Por causa da desunião dos remanescentes do arrudismo e rorizismo, a reeleição do governador Rodrigo Rollemberg (PSB) se tornou mais fácil que há oito meses. Diferentemente de seu antecessor, que disputou o pleito passado com uma direita unida, tendo o ex-governador José Roberto Arruda liderando com folga as pesquisas de primeiro turno, o atual chefe do Buriti enfrentará concorrentes que brigam entre si, adeptos do canibalismo político. Ou seja, cada um por si.

A prova de que a reeleição de Rollemberg não é mais vista no meio político como algo dificílimo foi o fato do governador ter levado a melhor sobre Eliana Pedrosa (Pros), na articulação que trouxe o PDT para a sua coligação. Apesar do PSB ter cedido aos apelos do PT na missão de isolar Ciro Gomes, mesmo assim o PDT optou por Rodrigo, com as bênçãos do presidente nacional da sigla, Carlos Lupi.

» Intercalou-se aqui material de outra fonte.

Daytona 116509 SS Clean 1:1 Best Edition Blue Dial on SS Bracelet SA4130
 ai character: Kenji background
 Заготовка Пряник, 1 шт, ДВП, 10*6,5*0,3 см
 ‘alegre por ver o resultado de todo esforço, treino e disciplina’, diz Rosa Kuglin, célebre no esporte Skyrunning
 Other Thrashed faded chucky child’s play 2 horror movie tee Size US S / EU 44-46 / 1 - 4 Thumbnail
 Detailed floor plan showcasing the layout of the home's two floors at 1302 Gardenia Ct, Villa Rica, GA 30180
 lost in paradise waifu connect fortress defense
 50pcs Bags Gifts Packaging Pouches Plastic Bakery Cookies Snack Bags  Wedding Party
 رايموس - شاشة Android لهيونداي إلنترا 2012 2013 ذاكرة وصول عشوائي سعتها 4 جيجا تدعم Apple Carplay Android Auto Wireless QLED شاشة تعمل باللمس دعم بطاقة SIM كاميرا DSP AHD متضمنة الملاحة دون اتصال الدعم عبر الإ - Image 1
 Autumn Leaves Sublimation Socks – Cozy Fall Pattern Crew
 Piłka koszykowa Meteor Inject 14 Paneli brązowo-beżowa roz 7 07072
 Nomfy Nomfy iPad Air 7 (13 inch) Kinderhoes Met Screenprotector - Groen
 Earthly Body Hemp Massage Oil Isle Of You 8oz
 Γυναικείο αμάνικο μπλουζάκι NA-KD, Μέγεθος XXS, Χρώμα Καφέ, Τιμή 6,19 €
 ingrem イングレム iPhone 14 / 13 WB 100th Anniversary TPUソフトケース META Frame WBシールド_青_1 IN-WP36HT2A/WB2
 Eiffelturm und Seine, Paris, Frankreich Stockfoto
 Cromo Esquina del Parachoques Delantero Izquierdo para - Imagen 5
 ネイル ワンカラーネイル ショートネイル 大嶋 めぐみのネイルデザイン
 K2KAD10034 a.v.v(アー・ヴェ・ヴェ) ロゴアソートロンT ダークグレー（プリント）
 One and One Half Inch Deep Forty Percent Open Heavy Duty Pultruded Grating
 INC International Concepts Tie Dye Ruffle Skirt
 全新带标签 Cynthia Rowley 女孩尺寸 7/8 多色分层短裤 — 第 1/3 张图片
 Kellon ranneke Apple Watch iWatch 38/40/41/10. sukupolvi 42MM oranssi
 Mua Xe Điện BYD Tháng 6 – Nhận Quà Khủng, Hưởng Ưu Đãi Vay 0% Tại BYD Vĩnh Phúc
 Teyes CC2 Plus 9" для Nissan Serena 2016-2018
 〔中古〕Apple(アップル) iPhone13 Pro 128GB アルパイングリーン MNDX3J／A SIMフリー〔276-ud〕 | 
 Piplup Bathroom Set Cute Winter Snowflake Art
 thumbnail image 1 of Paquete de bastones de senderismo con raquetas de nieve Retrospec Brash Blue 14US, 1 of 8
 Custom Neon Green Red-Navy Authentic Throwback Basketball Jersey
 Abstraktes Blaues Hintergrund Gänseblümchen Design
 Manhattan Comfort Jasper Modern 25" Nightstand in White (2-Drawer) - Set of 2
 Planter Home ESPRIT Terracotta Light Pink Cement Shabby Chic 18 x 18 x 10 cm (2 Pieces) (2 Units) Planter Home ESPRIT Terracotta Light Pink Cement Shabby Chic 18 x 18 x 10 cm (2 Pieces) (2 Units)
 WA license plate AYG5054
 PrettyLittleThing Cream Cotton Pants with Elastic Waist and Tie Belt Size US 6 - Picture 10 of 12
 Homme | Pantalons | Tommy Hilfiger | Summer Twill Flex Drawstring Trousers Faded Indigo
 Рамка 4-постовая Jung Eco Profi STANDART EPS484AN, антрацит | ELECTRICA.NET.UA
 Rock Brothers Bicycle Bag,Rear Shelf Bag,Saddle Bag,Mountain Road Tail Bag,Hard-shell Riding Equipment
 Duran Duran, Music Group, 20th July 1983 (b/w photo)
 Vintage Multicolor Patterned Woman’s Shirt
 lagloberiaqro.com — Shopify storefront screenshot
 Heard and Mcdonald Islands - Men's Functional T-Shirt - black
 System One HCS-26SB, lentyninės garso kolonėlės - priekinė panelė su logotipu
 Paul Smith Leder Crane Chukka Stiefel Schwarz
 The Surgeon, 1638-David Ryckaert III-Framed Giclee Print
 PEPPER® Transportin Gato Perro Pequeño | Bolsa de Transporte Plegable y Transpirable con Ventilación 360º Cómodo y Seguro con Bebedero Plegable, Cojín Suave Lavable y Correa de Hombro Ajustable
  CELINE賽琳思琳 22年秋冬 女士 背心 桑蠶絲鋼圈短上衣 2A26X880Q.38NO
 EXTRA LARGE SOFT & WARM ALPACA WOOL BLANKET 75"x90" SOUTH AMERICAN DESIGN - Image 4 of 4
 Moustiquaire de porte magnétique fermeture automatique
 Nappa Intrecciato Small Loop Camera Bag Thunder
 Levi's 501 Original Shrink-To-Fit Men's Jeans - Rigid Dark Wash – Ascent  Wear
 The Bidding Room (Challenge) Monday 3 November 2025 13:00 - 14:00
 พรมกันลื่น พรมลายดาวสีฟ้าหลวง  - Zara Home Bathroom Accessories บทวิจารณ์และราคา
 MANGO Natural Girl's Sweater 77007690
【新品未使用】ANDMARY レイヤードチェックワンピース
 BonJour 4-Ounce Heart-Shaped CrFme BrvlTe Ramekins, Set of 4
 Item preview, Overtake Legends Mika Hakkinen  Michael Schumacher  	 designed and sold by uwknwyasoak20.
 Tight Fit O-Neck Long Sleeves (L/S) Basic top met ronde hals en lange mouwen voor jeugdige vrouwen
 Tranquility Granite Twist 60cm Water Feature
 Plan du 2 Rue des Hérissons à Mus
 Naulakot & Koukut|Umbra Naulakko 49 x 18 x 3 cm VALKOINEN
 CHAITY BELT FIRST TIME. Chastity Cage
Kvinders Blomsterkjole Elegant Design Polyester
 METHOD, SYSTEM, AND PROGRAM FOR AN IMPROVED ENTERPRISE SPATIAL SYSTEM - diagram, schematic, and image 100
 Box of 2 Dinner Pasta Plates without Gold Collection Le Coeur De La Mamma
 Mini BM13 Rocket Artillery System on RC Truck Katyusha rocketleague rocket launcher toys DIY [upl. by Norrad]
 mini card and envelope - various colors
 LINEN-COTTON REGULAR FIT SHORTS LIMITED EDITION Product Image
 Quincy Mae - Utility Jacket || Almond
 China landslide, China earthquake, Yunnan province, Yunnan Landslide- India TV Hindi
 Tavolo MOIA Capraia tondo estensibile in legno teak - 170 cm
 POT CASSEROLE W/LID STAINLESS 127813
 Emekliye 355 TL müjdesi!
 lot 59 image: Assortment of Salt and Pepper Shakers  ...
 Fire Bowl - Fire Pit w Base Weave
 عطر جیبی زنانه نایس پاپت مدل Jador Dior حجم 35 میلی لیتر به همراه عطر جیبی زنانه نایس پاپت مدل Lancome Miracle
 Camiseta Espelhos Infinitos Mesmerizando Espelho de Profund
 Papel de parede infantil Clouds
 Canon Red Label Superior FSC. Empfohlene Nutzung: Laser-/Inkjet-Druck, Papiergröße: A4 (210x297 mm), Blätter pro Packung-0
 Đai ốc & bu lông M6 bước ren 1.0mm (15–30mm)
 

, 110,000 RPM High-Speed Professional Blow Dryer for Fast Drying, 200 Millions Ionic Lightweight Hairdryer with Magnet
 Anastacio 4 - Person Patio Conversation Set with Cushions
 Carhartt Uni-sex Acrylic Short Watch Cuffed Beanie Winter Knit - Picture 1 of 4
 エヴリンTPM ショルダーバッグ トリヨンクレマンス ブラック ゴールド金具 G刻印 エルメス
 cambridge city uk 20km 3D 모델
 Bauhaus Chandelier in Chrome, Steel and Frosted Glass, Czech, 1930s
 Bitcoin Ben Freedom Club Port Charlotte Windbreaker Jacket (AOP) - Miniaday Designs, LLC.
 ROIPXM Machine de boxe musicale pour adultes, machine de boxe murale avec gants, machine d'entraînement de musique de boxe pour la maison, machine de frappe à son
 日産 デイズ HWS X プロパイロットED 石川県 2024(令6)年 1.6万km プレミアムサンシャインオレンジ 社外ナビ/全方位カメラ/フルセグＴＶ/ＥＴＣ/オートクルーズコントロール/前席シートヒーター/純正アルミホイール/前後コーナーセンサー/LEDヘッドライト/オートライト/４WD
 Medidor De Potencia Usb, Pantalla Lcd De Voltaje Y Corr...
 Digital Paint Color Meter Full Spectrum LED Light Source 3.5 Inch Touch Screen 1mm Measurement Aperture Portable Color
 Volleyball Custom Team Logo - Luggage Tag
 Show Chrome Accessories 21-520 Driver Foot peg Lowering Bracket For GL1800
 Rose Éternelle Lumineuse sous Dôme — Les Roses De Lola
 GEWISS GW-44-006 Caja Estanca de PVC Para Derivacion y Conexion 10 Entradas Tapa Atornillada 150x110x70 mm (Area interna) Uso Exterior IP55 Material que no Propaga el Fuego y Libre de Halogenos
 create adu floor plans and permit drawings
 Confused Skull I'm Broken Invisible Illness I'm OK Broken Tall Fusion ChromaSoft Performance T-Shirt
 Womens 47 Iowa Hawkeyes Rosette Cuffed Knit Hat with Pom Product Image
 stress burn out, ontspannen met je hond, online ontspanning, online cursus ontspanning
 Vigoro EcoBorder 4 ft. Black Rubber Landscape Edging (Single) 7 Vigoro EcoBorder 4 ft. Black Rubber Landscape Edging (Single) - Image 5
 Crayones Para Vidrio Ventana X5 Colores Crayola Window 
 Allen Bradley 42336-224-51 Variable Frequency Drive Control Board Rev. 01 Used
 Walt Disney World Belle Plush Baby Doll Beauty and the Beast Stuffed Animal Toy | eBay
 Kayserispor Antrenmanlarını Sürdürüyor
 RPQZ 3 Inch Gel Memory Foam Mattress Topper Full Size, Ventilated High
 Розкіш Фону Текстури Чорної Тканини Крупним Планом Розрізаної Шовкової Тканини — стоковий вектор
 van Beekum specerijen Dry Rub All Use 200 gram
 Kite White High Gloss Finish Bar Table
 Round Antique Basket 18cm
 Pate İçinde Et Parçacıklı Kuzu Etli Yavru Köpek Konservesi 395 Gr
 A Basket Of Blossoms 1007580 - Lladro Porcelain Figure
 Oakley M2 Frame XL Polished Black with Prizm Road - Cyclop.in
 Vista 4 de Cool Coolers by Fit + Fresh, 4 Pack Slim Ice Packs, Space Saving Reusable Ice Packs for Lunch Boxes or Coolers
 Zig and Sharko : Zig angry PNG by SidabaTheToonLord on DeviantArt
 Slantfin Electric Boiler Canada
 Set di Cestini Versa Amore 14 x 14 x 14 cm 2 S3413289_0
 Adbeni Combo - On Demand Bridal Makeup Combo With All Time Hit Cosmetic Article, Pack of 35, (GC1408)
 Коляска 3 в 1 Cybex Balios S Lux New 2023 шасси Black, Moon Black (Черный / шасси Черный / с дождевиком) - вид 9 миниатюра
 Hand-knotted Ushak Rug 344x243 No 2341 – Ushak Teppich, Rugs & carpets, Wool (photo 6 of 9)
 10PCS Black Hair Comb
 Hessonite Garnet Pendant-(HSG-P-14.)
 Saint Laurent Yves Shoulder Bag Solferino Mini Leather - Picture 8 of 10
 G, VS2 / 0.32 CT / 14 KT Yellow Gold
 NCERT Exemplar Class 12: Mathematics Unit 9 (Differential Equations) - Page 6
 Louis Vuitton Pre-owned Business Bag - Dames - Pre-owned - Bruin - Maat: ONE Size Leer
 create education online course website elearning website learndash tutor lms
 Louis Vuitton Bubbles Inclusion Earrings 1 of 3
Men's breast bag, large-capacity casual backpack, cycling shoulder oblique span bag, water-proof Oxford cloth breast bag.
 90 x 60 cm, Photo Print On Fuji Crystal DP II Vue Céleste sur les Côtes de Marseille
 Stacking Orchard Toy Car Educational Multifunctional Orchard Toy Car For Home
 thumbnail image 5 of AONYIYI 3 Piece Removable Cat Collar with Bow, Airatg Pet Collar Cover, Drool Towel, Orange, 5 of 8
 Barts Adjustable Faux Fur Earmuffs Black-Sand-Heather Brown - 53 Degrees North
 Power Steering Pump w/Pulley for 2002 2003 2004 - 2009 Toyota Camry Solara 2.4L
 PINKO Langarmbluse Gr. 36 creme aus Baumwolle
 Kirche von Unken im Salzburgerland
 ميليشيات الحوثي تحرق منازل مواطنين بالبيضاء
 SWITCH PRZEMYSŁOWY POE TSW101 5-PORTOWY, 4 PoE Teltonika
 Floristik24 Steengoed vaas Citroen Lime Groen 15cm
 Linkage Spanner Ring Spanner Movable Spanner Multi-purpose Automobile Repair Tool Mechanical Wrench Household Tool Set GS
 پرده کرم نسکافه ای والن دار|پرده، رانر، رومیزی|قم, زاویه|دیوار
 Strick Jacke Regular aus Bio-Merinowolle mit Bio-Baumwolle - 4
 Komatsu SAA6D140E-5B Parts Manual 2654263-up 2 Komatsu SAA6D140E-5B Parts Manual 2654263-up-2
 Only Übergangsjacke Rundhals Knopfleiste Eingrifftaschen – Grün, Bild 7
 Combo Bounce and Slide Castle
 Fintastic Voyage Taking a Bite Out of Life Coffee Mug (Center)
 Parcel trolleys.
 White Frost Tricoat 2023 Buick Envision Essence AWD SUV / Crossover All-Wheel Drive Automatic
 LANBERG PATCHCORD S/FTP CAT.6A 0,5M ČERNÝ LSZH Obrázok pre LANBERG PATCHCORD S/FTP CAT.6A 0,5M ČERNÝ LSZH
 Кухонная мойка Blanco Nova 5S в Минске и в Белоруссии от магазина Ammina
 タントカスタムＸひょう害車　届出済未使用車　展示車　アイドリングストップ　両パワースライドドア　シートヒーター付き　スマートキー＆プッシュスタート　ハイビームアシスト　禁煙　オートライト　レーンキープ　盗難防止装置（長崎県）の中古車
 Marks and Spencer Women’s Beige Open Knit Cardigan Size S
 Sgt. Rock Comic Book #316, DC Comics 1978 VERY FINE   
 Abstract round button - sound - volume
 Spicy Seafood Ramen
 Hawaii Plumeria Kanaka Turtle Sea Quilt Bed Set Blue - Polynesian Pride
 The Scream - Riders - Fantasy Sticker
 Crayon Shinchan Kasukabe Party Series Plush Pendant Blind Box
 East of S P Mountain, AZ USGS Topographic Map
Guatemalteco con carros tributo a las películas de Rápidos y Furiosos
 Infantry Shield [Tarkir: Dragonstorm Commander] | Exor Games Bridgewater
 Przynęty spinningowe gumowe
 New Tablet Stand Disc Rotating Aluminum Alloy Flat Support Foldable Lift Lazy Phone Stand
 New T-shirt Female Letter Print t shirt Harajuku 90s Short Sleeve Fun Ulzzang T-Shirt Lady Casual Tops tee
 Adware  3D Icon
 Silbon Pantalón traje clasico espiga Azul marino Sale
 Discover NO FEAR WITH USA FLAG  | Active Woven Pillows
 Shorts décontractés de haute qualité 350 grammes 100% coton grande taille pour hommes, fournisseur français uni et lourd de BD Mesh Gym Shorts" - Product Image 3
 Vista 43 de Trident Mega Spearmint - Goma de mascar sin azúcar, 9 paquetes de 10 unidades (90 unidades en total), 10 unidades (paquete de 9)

De acordo com a pesquisa realizada pela Dataplan, Eliana lidera a disputa com 6,6% de vantagem sobre o governador.  O que faria então um partido optar pelo segundo colocado, que tem uma grande rejeição, em detrimento da candidata que está na frente? A resposta é simples: enxergaram mais chances de vitória na candidatura do socialista.

Em janeiro, quando o blog publicou um artigo explicando o porquê da reeleição de Rollemberg não ser impossível, os asseclas dos pré-candidatos da direita acusaram-no de ser “vendido”. Na ocasião, afirmei:

Acreditar em união da direita é tão utópico quanto crer que Rollemberg pode ser reeleito no primeiro turno.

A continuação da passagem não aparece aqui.